# Conlago Fireflies C59 - Limited Edition



## nicensleazy (Aug 3, 2008)

Folks...hot off the press from Cambiago, here is the finished Fireflies C59. Limited numbers made. For further info, please see Colnago Con Brio

Please help support this very good cause! Best wishes.


----------



## leetony (Sep 13, 2008)

Nice!


----------



## brett summers (May 25, 2011)

Wow that is gorgeous


----------



## nicensleazy (Aug 3, 2008)

Folks..just got these pictures in tonight. The first Colnago C59 Fireflies frame to be full built! 

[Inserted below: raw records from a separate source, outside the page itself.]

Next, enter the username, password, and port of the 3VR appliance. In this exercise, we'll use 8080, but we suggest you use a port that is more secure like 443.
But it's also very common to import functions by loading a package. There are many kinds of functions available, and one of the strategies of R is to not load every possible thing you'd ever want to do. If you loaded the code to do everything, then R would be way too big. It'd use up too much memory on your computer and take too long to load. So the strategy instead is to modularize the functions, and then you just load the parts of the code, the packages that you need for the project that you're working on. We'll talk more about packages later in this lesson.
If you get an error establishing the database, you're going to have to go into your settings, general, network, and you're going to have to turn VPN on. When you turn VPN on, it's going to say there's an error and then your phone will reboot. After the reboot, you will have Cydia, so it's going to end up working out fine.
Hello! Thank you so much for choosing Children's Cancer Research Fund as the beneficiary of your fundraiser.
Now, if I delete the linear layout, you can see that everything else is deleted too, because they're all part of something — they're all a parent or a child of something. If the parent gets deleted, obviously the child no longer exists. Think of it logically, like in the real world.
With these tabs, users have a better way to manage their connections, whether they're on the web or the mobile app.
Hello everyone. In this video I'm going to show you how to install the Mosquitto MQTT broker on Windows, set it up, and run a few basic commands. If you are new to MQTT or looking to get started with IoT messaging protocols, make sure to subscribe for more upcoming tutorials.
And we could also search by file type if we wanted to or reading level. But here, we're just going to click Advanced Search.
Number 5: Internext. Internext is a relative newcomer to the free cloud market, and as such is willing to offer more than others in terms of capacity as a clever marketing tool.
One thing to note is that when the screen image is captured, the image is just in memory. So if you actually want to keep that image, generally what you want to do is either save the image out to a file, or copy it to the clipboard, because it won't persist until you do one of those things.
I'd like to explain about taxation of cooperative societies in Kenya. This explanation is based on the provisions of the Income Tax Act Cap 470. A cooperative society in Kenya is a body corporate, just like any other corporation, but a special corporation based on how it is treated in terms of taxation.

http://colnagoconbrio.posterous.com/colnago-c59-fireflies-limited-edition-re-visi


----------



## joep721 (May 4, 2009)

Thanks for the update nicensleazy. I'm doing my best to acquire one. Thank you for all of your help!

Joe


----------



## Jbartmc (Sep 14, 2007)

The raw carbon is loved by so many, just not me.


----------



## AnthonyL88 (Oct 9, 2007)

Beautiful frame!! I'm planning on ordering a Colnago C59 Fireflies frame very soon.


----------



## pete2528ca (Jun 17, 2011)

wow, that is amazing


----------



## AuYeung (Feb 16, 2005)

It is awesome.
Wish I can own it one day.


----------